While detailed operational plans are necessarily concealed, the broad outlines have been presented to select members of Congress as required by law. U.S. Special Forces are to work with the Turkish army to suppress the Kurds' guerrilla campaign. The Bush administration is trying to prevent another front from opening in Iraq, which would have disastrous consequences. But this gamble risks major exposure and failure.
The Turkish initiative reflects the temperament and personality of George W. Bush. Even faithful congressional supporters of his Iraq policy have been stunned by the president's upbeat mood, which makes him appear oblivious to the loss of his political base. Despite the failing effort to impose a military solution in Iraq, he is willing to try imposing arms -- though clandestinely -- on Turkey's ancient problems with its Kurdish minority, who comprise one-fifth of the country's population.
The development of an autonomous Kurdish entity inside Iraq, resulting from the decline and fall of Saddam Hussein, has alarmed the Turkish government. That led to Ankara's refusal to allow U.S. combat troops to enter Iraq through Turkey, an eleventh-hour complication for the 2003 invasion. As the Kurds' political power grew inside Iraq, the Turkish government became steadily more uneasy about the centuries-old project of a Kurdistan spreading across international boundaries -- and chewing up big pieces of Turkey.
The dormant Turkish Kurd guerrilla fighters of the Kurdistan Workers Party (PKK) came to life.
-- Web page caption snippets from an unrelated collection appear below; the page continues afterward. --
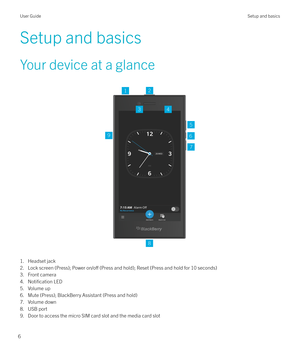 Page 6Setup and basics
Your device at a glance  
 
1. Headset jack
2. Lock screen (Press); Power 
on/o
By June, the Turkish government was demonstrating its concern by lobbing artillery shells across the border. Ankara began protesting, to both Washington and Baghdad, that the PKK was using northern Iraq as a base for guerrilla operations. On July 11, in Washington, Turkish Ambassador Nabi Sensoy became the first Turkish official to assert publicly that Iraqi Kurds have claims on Turkish territory. On July 20, just two days before his successful reelection, Turkish Prime Minister Recep Tayyip Erdogan threatened a military incursion into Iraq against the Kurds. Last Wednesday, Murat Karayilan, head of the PKK political council, predicted that "the Turkish Army will attack southern Kurdistan."
Turkey has a well-trained, well-equipped army of 250,000 near the border, facing some 4,000 PKK fighters hiding in the mountains of northern Iraq. But significant cross-border operations surely would bring to the PKK's side the military forces of the Kurdistan Regional Government, the best U.S. ally in Iraq. What is Washington to do in the dilemma of two friends battling each other on an unwanted new front in Iraq?
The surprising answer was given in secret briefings on Capitol Hill last week by Eric S. Edelman, a former aide to Vice President Cheney who is now undersecretary of defense for policy. Edelman, a Foreign Service officer who once was U.S. ambassador to Turkey, revealed to lawmakers plans for a covert operation of U.S. Special Forces to help the Turks neutralize the PKK. They would behead the guerrilla organization by helping Turkey get rid of PKK leaders that they have targeted for years.
Edelman's listeners were stunned. Wasn't this risky? He responded that he was sure of success, adding that the U.S. role could be concealed and always would be denied. Even if all this is true, some of the briefed lawmakers left wondering whether this was a wise policy for handling the beleaguered Kurds, who had been betrayed so often by the U.S. government in years past.
The plan shows that hard experience has not dissuaded President Bush from attempting difficult ventures employing the use of force. On the contrary, two of the most intrepid supporters of the Iraq intervention -- John McCain and Lindsey Graham-- were surprised by Bush during a recent meeting with him. When they shared their impressions with colleagues, they commented on how unconcerned the president seemed. That may explain his willingness to embark on such a questionable venture against the Kurds


----------



## Ravage (Jul 30, 2007)

Hunt down terror scum where ever they show their ugly, pussy face, asses.
Kill'em all I say


----------



## pardus (Jul 30, 2007)

The term terrorist is not necessarily that accurate when talking about the PKK.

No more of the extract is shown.